(Image-text web data)
Content starts

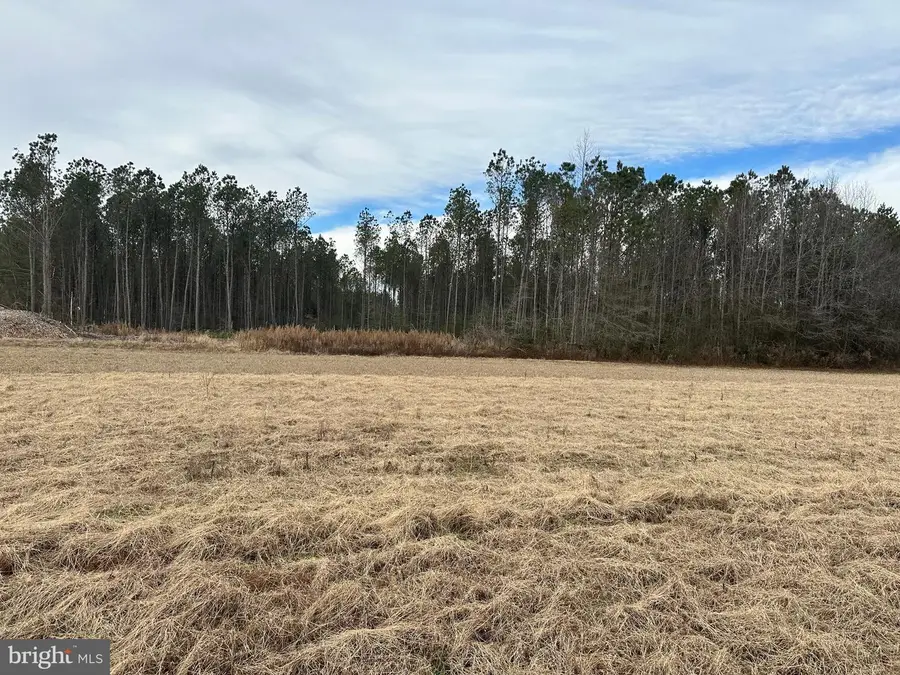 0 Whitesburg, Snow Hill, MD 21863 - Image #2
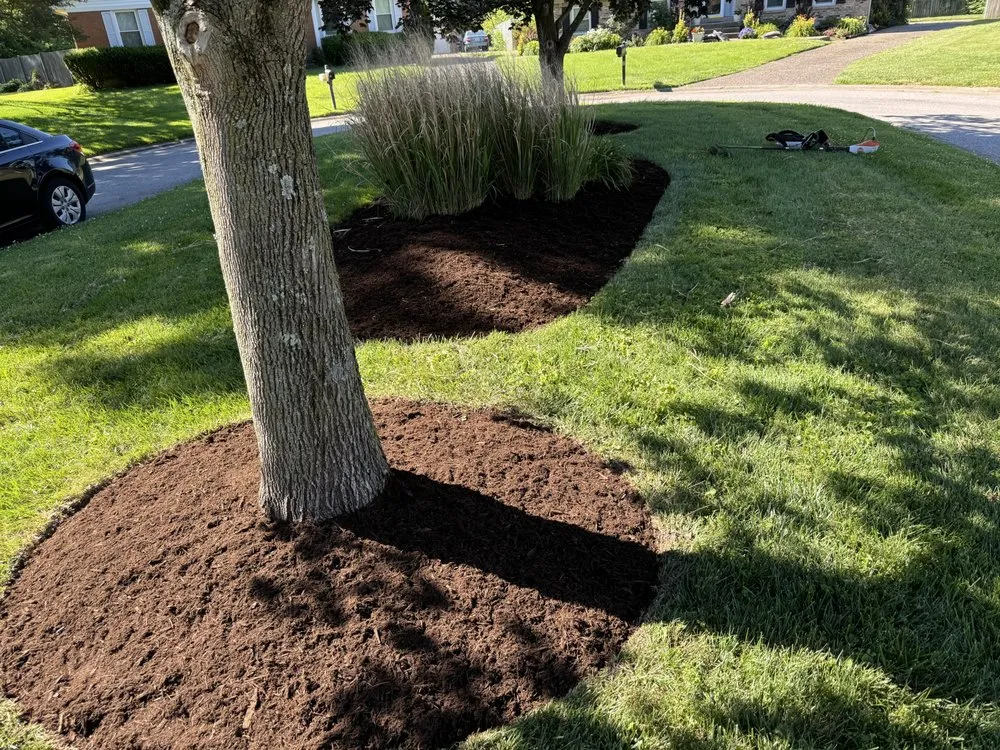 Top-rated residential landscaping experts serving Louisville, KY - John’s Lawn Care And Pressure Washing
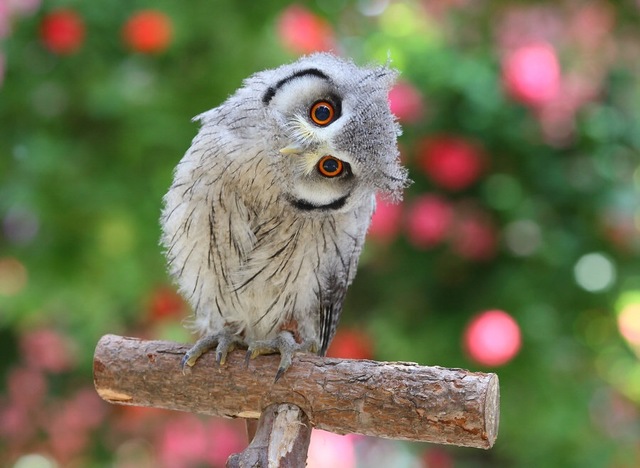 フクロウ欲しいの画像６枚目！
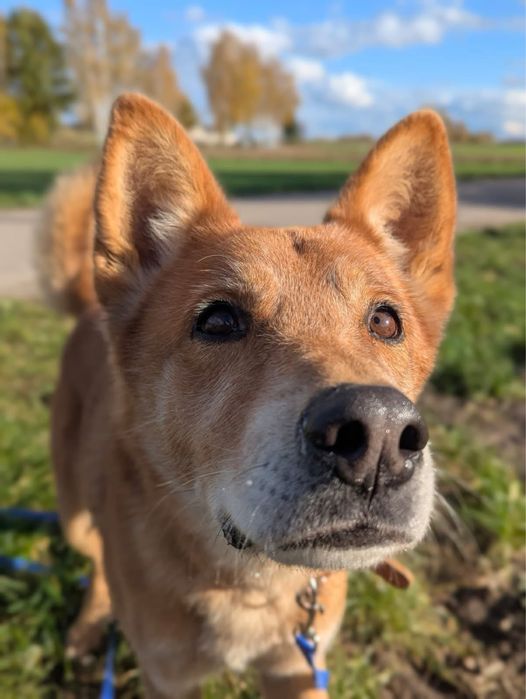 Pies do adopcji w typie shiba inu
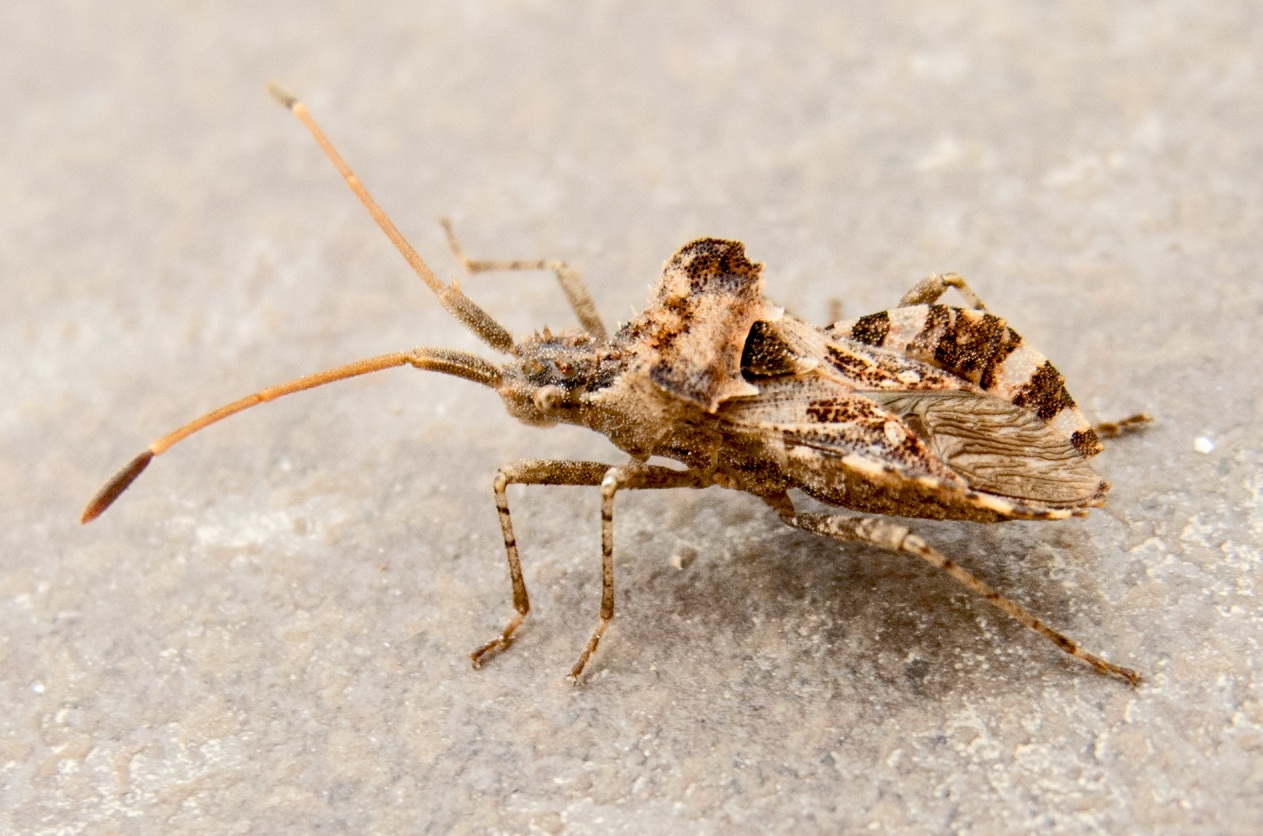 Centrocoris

Content ends

- [Description of the task]: Copy out all of the entries exactly as they stand, with no pictures in your copy.

- [Solution]:
 0 Whitesburg, Snow Hill, MD 21863 - Image #2
 Top-rated residential landscaping experts serving Louisville, KY - John’s Lawn Care And Pressure Washing
 フクロウ欲しいの画像６枚目！
 Pies do adopcji w typie shiba inu
 Centrocoris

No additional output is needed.